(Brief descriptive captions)

::::::

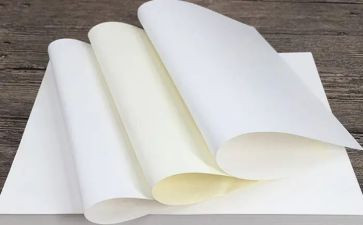 介绍纸的作文优秀8篇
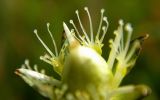 Parnassia palustris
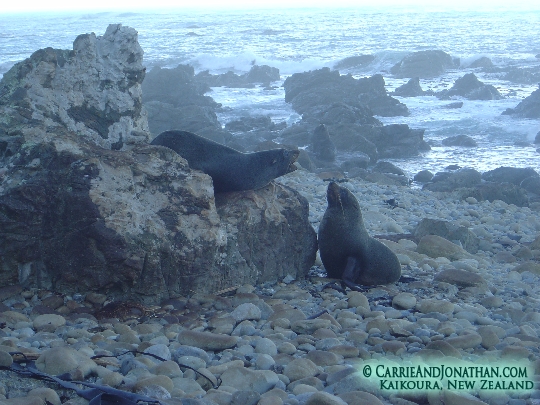 Fur Seals near Kaikoura New Zealand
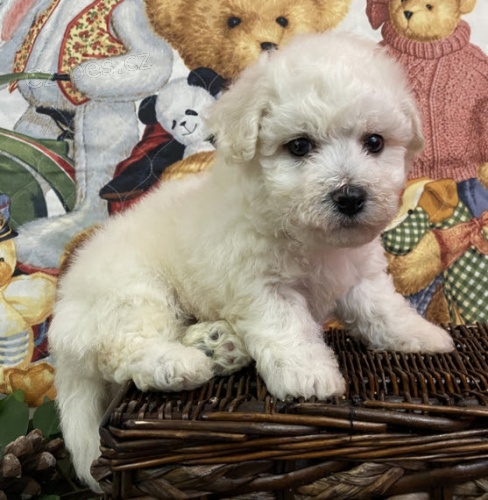 �t��ata bi�onka jsou k dispozici a p�ipravena k prodeji.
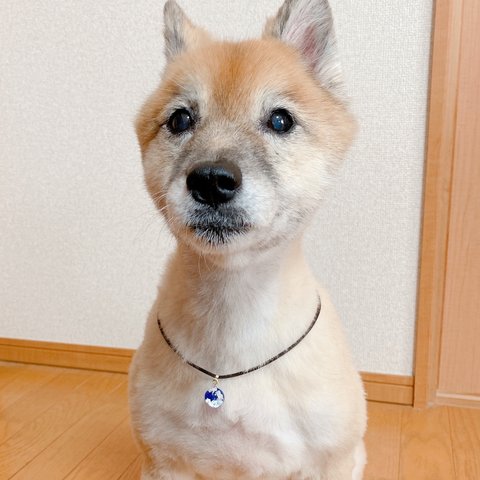 空をひとすくい★空玉チャームのペットチョーカー　ネックレス　小型犬　大型犬　猫ちゃんにも　サイズオーダーメイド　犬用　猫用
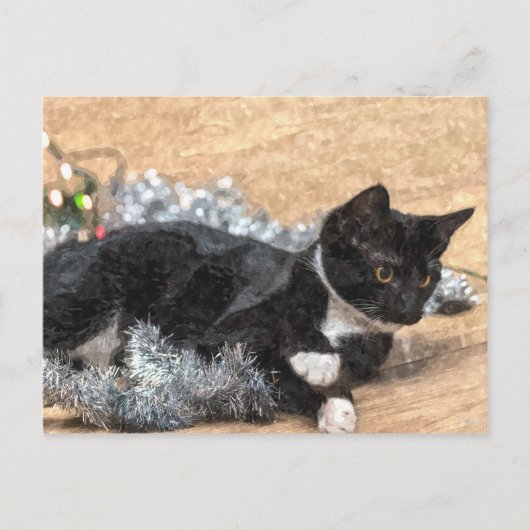 Tuxedo Kitten Tinsel en Lichten Briefkaart (Voorkant)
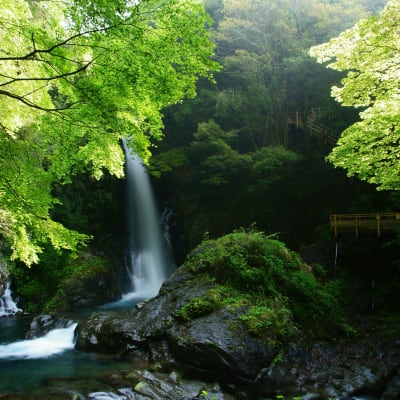 Siete cascadas de Kawazu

::::::

## Instructions to follow
Return exactly the lines from the one with "Fur Seals near Kaikoura New Zealand" through the last line of the entries above, both ends included. No pictures may appear in the copy.

## Exercise output
 Fur Seals near Kaikoura New Zealand
 �t��ata bi�onka jsou k dispozici a p�ipravena k prodeji.
 空をひとすくい★空玉チャームのペットチョーカー　ネックレス　小型犬　大型犬　猫ちゃんにも　サイズオーダーメイド　犬用　猫用
 Tuxedo Kitten Tinsel en Lichten Briefkaart (Voorkant)
 Siete cascadas de Kawazu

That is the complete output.